Uitspraak
RECHTBANK NOORD-NEDERLAND
Stichting Tegenwind N33 en Storm Meeden, te Meeden (gemachtigde: mr. J.G.L. van Nus).
Rechtbank Noord-Nederland
Op 16 juni 2015 heeft de voorzieningenrechter van de Rechtbank Noord-Nederland uitspraak gedaan in de zaak tussen RWE Innogy Windpower Netherlands B.V. en Gedeputeerde Staten van de provincie Groningen, met als derde-partijen Stichting Tegenwind N33 en Storm Meeden. De zaak betreft een verzoek om een voorlopige voorziening naar aanleiding van een besluit van 17 april 2015, waarbij op verzoek van de derde-partijen besloten is tot openbaarmaking van een gespreksverslag tussen RWE en de provincie Groningen op grond van de Wet openbaarheid van bestuur (Wob). RWE heeft bezwaar gemaakt tegen dit besluit en verzocht om schorsing van de openbaarmaking.
Tijdens de zitting op 9 juni 2015 zijn vertegenwoordigers van RWE en de derde-partijen verschenen, bijgestaan door hun gemachtigden. De voorzieningenrechter heeft overwogen dat de derde-partijen geen belanghebbenden zijn bij het besluit van 17 april 2015, omdat zij het verzoek om openbaarmaking niet hebben ingediend. De voorzieningenrechter heeft vastgesteld dat het gespreksverslag in ongeanonimiseerde vorm aan het procesdossier is toegevoegd en dat de toezending aan de derde-partij geen openbaarmaking in de zin van de Wob is.

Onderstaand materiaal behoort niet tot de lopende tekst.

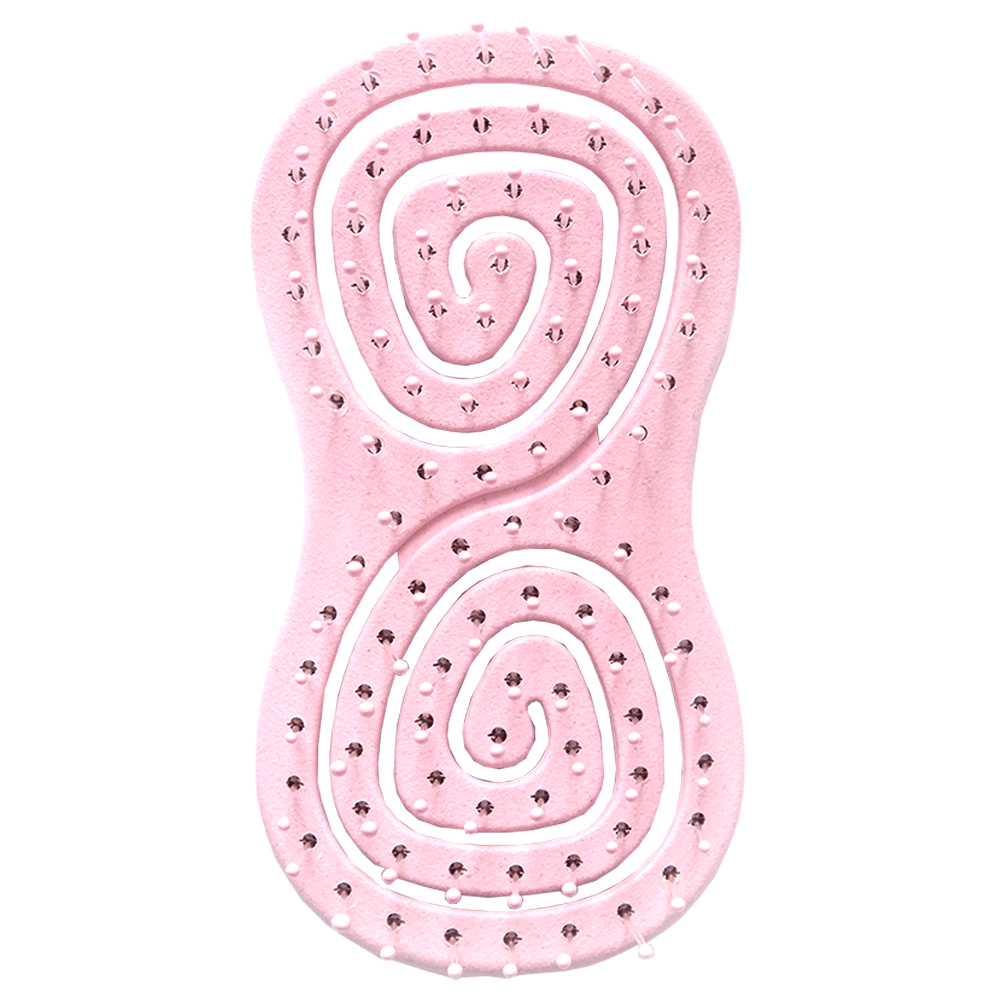 Bild: NOELLE Haarbürste Pink Swirl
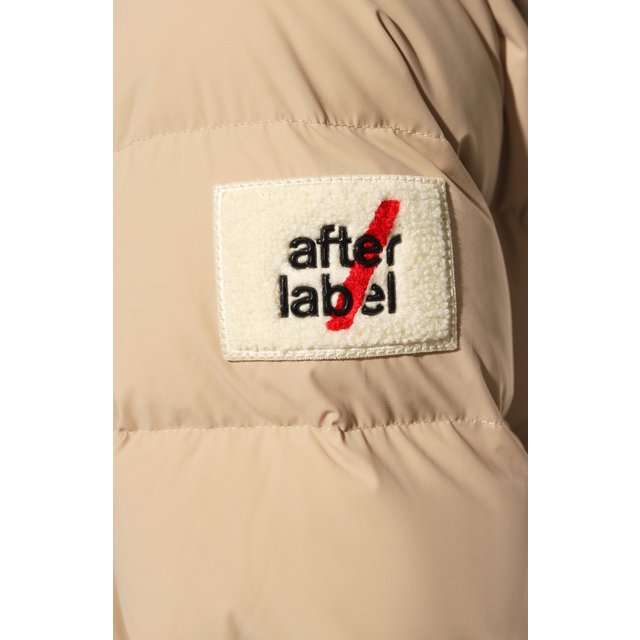 фото Пуховик after label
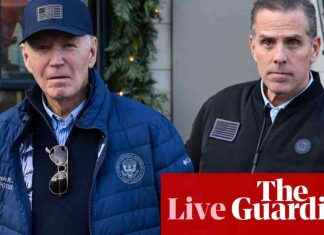 Joe Biden’s Controversial Pardon for Son Hunter Sparks Debate – Latest Updates on US Politics news-02122024-153252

De voorzieningenrechter heeft vervolgens de belangen van de partijen afgewogen. RWE heeft aangevoerd dat het gespreksverslag vertrouwelijke bedrijfs- en fabricagegegevens bevat en dat openbaarmaking schadelijk zou zijn voor hun belangen. De voorzieningenrechter heeft geoordeeld dat het belang van RWE bij het niet openbaar maken van het gespreksverslag zwaarder weegt dan de belangen van de andere partijen. Daarom heeft de voorzieningenrechter besloten het primaire besluit te schorsen tot zes weken na de beslissing op bezwaar. Tevens is Gedeputeerde Staten van de provincie Groningen veroordeeld tot vergoeding van het griffierecht en de proceskosten van RWE.